A soli 30 anni, Michele ha preso un cavo e si è suicidato in casa della nonna, a Udine. A uccidere però il suo spirito, la voglia di vivere, la speranza, la dignità è stato il precariato. O almeno di questo sono convinti i genitori che hanno consegnato al Messaggero Veneto la lettera che Michele ha scritto appena prima di togliersi la vita e in cui descrive il suo stato d’animo.
Aspirante grafico, anni di stage e corsi di formazione, nessuna proposta di lavoro retribuito, il trentenne di Udine era sfiduciato. Il suo è un lungo testamento in cui fondamentalmente rivendica il diritto a chiamarsi fuori da un’esistenza che lo rendeva infelice. “Non è assolutamente questo il mondo che mi doveva essere consegnato, e nessuno mi può costringere a continuare a farne parte. È un incubo di problemi, privo di identità, privo di garanzie, privo di punti di riferimento, e privo ormai anche di prospettive”, si legge nella lettera.
“Le cose per voi si metteranno talmente male che tra un po’ non potrete pretendere nemmeno cibo, elettricità o acqua corrente, ma ovviamente non è più un mio problema. Il futuro sarà un disastro a cui non voglio assistere, e nemmeno partecipare. Buona fortuna a chi se la sente di affrontarlo”. E ancora: “Questa generazione si vendica di un furto, il furto della felicità”.
Poche ore dopo, la risposta via Facebook di Danilo Lampis, Coordinatore Nazionale presso Unione degli Studenti - sindacato studentesco. Danilo non ha mai conosciuto Michele, ma al ragazzo di Udine ha voluto dire: “hai sbagliato a suicidarti”. “Tu hai colto il grande inganno, ma ne sei rimasto imprigionato, lasciando che la tua «essenza» - come l'hai definita - continuasse ad essere misurata dalle logiche, dai test, dai riconoscimenti non pervenuti, dalle aspettative negate.

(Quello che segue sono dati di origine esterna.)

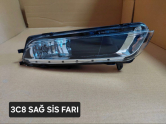 3C8941700 PASSAT CC 2012 SİS FARI SAĞ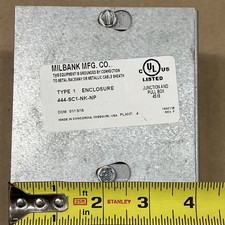 Milbank Coprivite 4"x4"x4"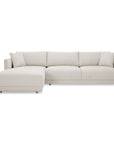 Bryn - Sectional Left - Oyster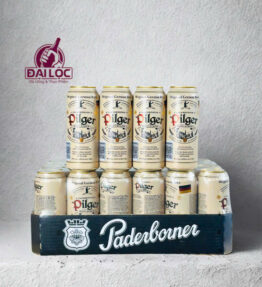 Bia Paderborner Hell 500ml 5% – Dòng Pilger nổi tiếng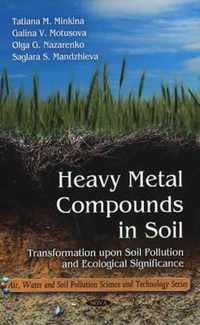 Heavy Metal Compounds in Soil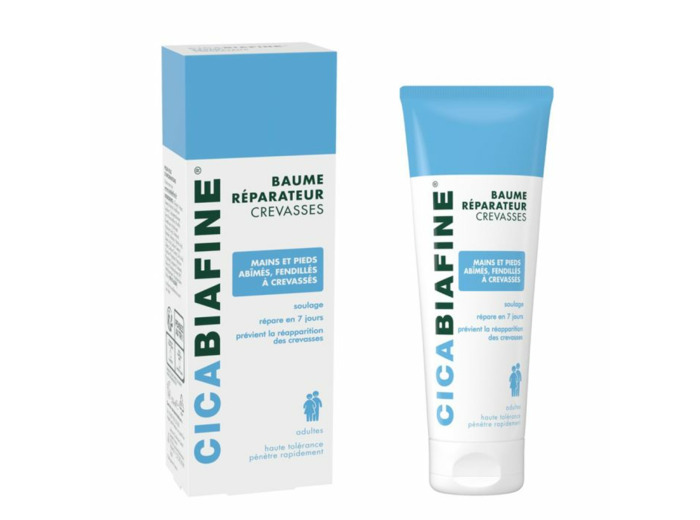 Baume Reparateur Crevasses Pieds Mains Abimes 50ml Cicabiafine Biafine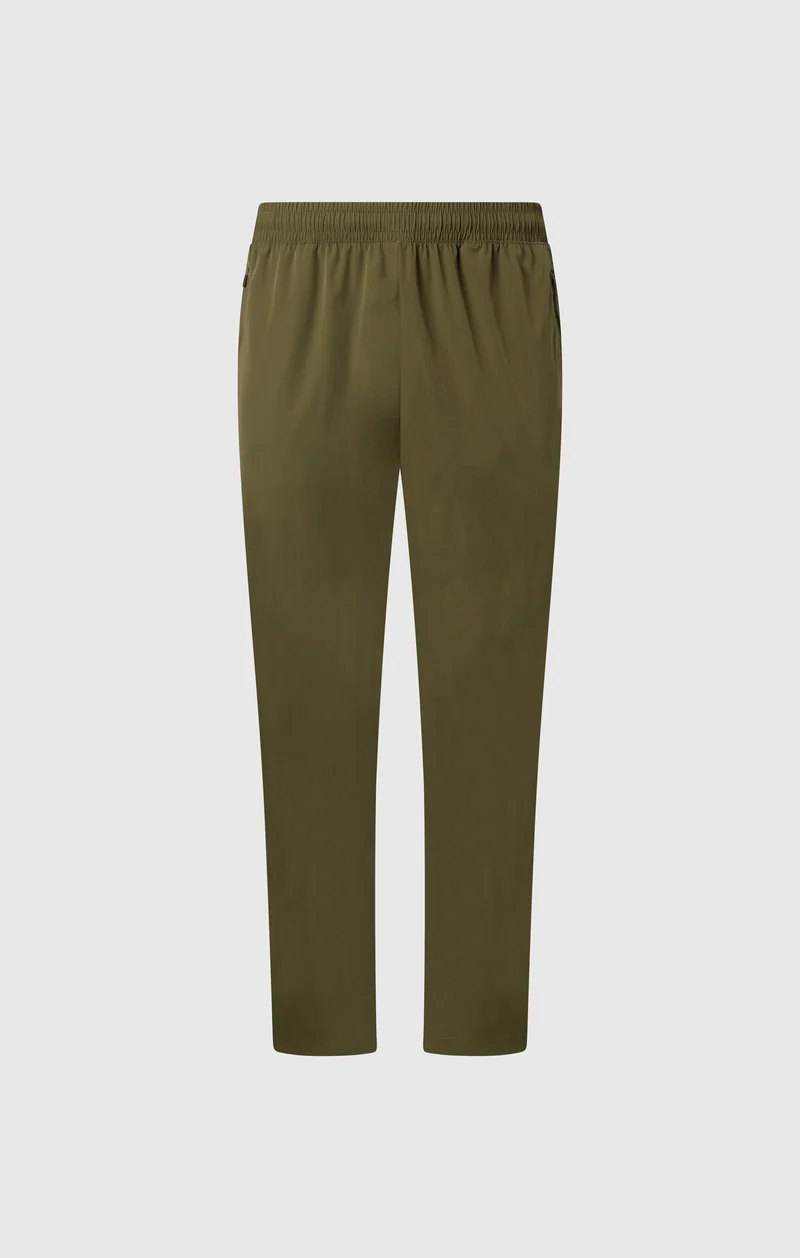 Men’s Straight Hem Stretch Fabric Pants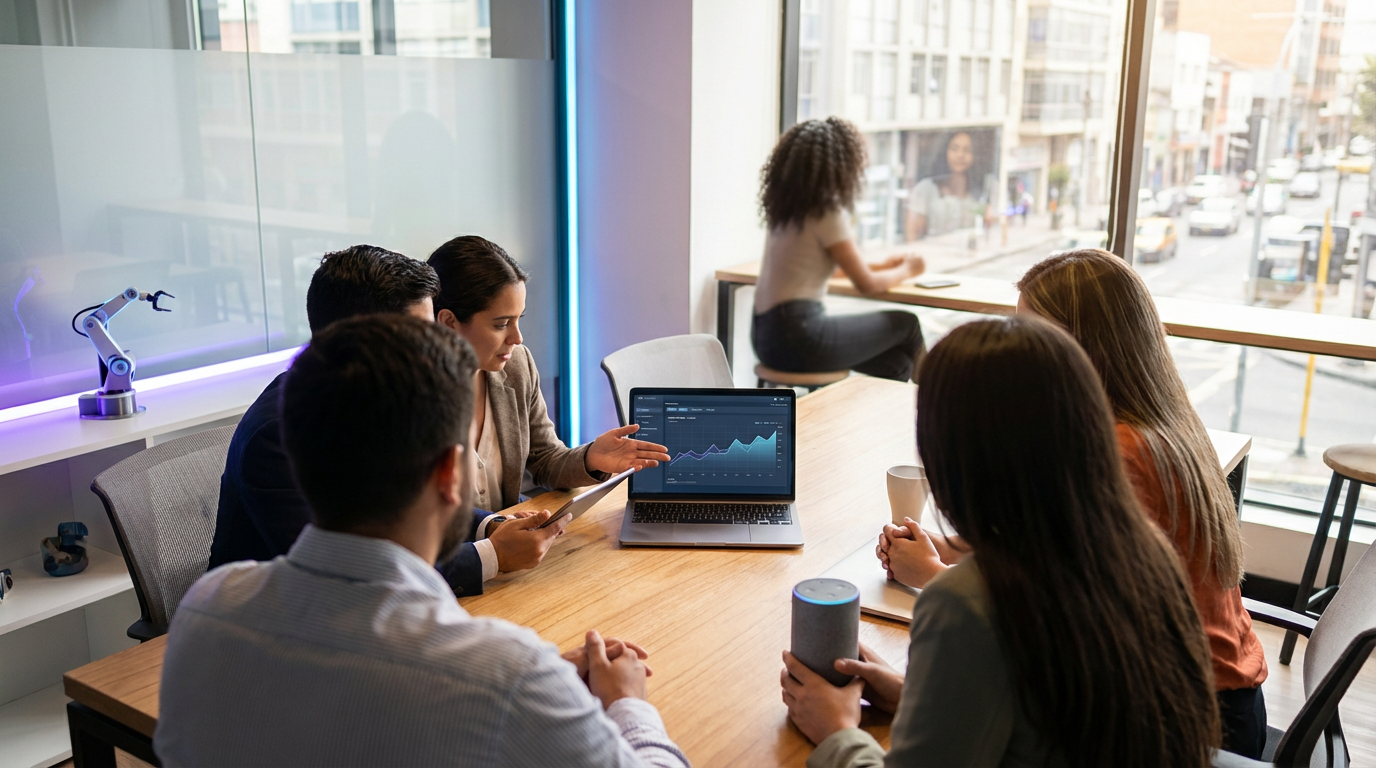 Imagen ilustrativa: Cómo implementar IA sin caos y sin resistencia del equipo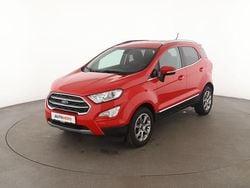Rot Gebraucht 2019 Ford Ecosport Titanium SUV | 13.940 € (Fairer Preis)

Così ti sei lasciato definire "perdente", abbandonando la speranza in favore di una rabbiosa rassegnazione”.
“Ci siamo talmente abituati al fatto che questa sia l'unica realtà possibile – scrive ancora Lampis nel post - che talvolta crolliamo sotto il suo peso. Con le lacrime agli occhi, avrei voluto dirti che io sono incazzato come te, che ho compreso che la competizione, il rispetto delle gerarchie, la corsa agli studi e tutte le belle parole che ci inculcano da quando siamo bambini, sono delle gigantesche stronzate per abituarci allo sfruttamento totale delle nostre vite, ad essere felici del meno peggio e a tenerci dentro la rabbia, perché dopotutto ognuno è un individuo e deve risolvere i propri problemi da solo. E invece no, siamo noi a dover dire di no”.